My form is not sending data correctly using Ajax, how can I fix it?

Question

I want to send the data that is in the form to my database using Ajax and depending on the action of the button it will execute the url I need, but It doesn't seem to be working because It only sends zero like as if the form were completely empty

HTML

<form method="post" id="form_shirt" enctype="multipart/form-data">
  ID:
  <br>
  <input type="hidden" name="id_shirt" id="id_shirt" class="form-control"> Name:
  <br>
  <input type="text" name="name_shirt" id="name_shirt" class="form-control" required="required"> Price:
  <br>
  <input type="text" name="price_shirt" id="price_shirt" class="form-control" required="required">

  <button id="insert_shirt" class="submit" name="btninsert" id="btninsert" value="Insert" />
  <button id="update_shirt" class="submit" name="btnupdate" id="btnupdate" value="Update" />
  <button id="delete_shirt" class="submit" name="btndelete" id="btndelete" value="Delete" />
</form>

JavaScript

$(document).ready(function() {
  $('.submit').on("click", function() {
    $.ajax({
      url: this.id + ".php",
      method: "POST",
      data: $('#form_shirt').serialize(),
      contentType: false,
      cache: false,
      processData: false,
      success: function(data) {
        $('#form_shirt)[0].reset();
        $('#table_shirt').html(data);
      }
    });
  });
});

PHP

<?php

$connect = mysqli_connect("localhost", "root", "", "shirts");

 $output = '';
    $name_shirt = mysqli_real_escape_string($connect, $_POST["name_shirt"]);  
    $price_shirt = mysqli_real_escape_string($connect, $_POST["price_shirt"]);  

    $query = "INSERT into shirts ( name, price)
    VALUES ('$name_shirt','$price_shirt') ";
    if(mysqli_query($connect, $query))
    {
     $output .= '<label class="text-success">Data Inserted</label>';
     $select_query = "SELECT id_shirt, name, price FROM shirts";
     $result = mysqli_query($connect, $select_query);
     $output .= '
      <table id="shirts" class="table table-bordered">  
                   <thead>
                    <tr>  
                        <th>ID</th>
                        <th>NAME</th>
                        <th>PRICE</th>
                    </tr>
</thead>
     ';
     while($row = mysqli_fetch_array($result))
     {
      $output .= '
       <tr>  
       <tbody>
                         <td>' . $row["id_shirt"] . '</td>
                         <td>' . $row["name"] . '</td>
                         <td>' . $row["price"] . '</td>
                    </tr>
                    </tbody>
      ';
     }
     $output .= '</table>';
    }
    echo $output;

?>

Answer 1

Are you aware that all your button s have their id declared twice?

<button id="insert_shirt" class="submit" name="btninsert" id="btninsert" value="Insert" />

This may very well be the cause for your misfire, because it will try to POST to a URL that doesn't exist, returning an empty value.

Also, button s have both opening and closing tags.
I think the line below should be sufficient for your goal:

<button type="button" id="insert_shirt" class="submit">Insert</button>

• I added type="button" . If you don't declare a type , the browser will choose for you, and since the button is inside a form, it will probably become type="submit" , which you don't want because you're using Ajax.
  In the codepen below I didn't add a type, and as you can see the form is submitted when you click one of the buttons.
• I removed both name="btninsert" and value="Insert" , I assume you don't use the value in you PHP script, which probably means you also don't need the name .

Check this pen to see it in action: https://codepen.io/anon/pen/MoNXYj?editors=1010
(You can actually use the buttons, CodePen will simulate the submit action for you)

---

UPDATE

This may be a bit naive and/or ignorant of me, but if you're still having problems a simpler solution might be to change your set-up a bit so that all elements and code work in the same form-submitting-type-direction.
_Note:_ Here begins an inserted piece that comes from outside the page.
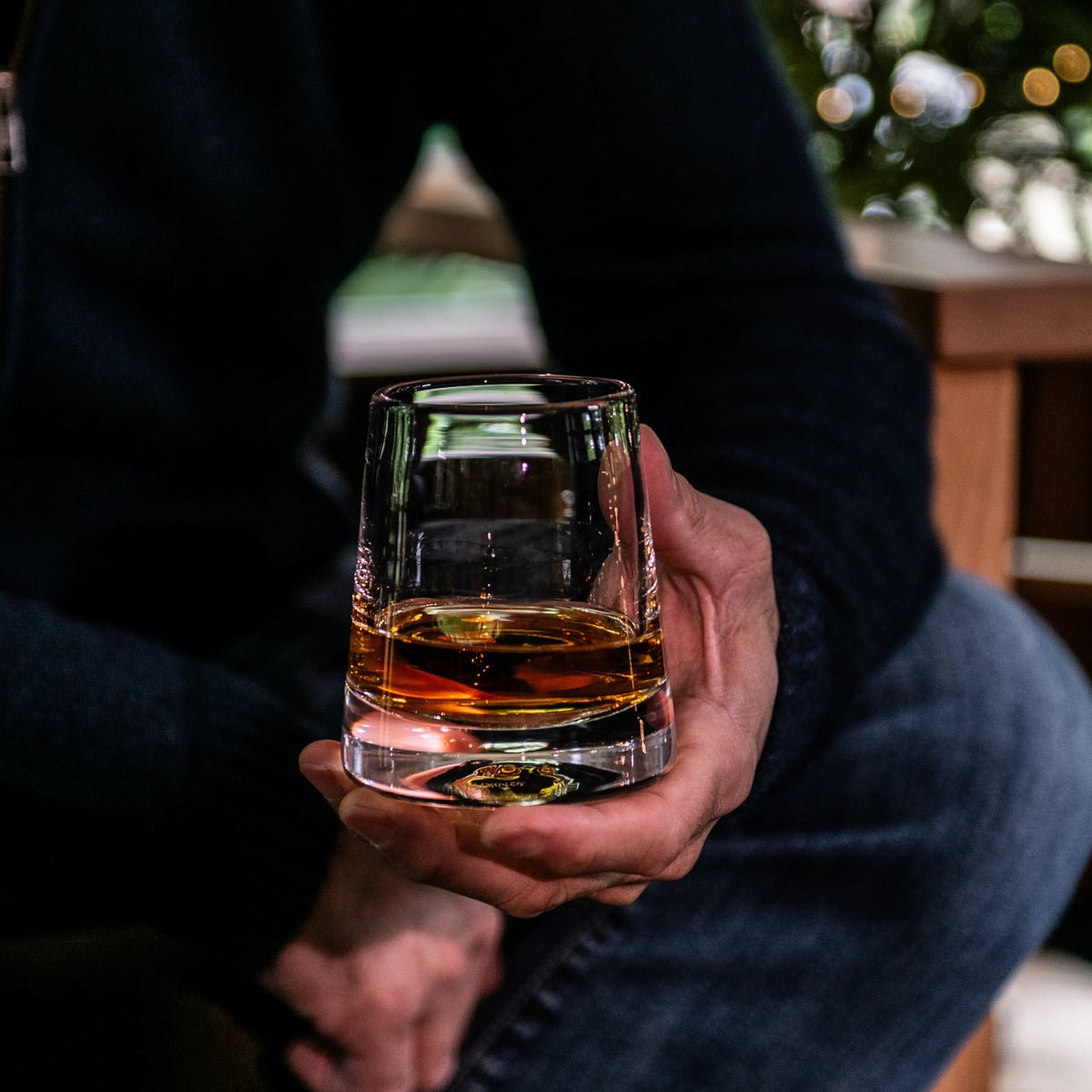 Person holding a rocks glass filled with amber bourbon whiskey.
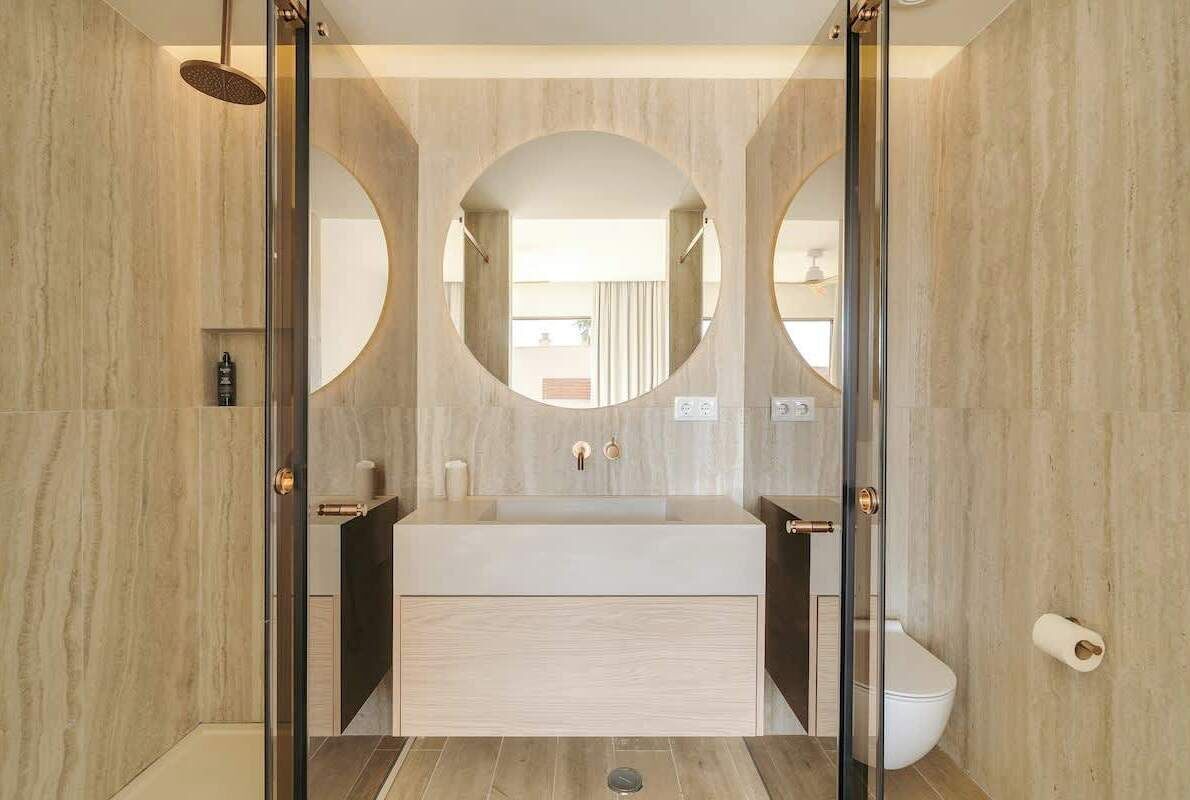 A modern bathroom with a glass-enclosed shower, a central sink, and two mirrors.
You are now using elements for sync submitting and counteracting that with code for async submitting .

HTML:

<div id="form_shirt">
  <input type="hidden" name="id_shirt" id="id_shirt" class="form-control"><br>
  Name: <input type="text" name="name_shirt" id="name_shirt" class="form-control" required="required"><br>
  Price: <input type="text" name="price_shirt" id="price_shirt" class="form-control" required="required">
  <br><br>
  <button type="button" id="insert_shirt" class="submit">Insert</button>
  <button type="button" id="update_shirt" class="submit">Update</button>
  <button type="button" id="delete_shirt" class="submit">Delete</button>
</div>

JS:

$(document).ready(function() {
  $('.submit').on("click",function() {
    $.post(this.id+".php", {
      id_shirt: $('#id_shirt').val(),
      name_shirt: $('#name_shirt').val(),
      price_shirt: $('#price_shirt').val()
    }, function(data) {
      $('#form_shirt .form-control').val("");
      $('#table_shirt').html(data);
    });
  });
});

codepen: https://codepen.io/anon/pen/bRXKaV?editors=1011
(Note that this will not produce any output, because there is no form submitted, only the Ajax POST to a URL that doesn't exist and therefor doesn't return a response)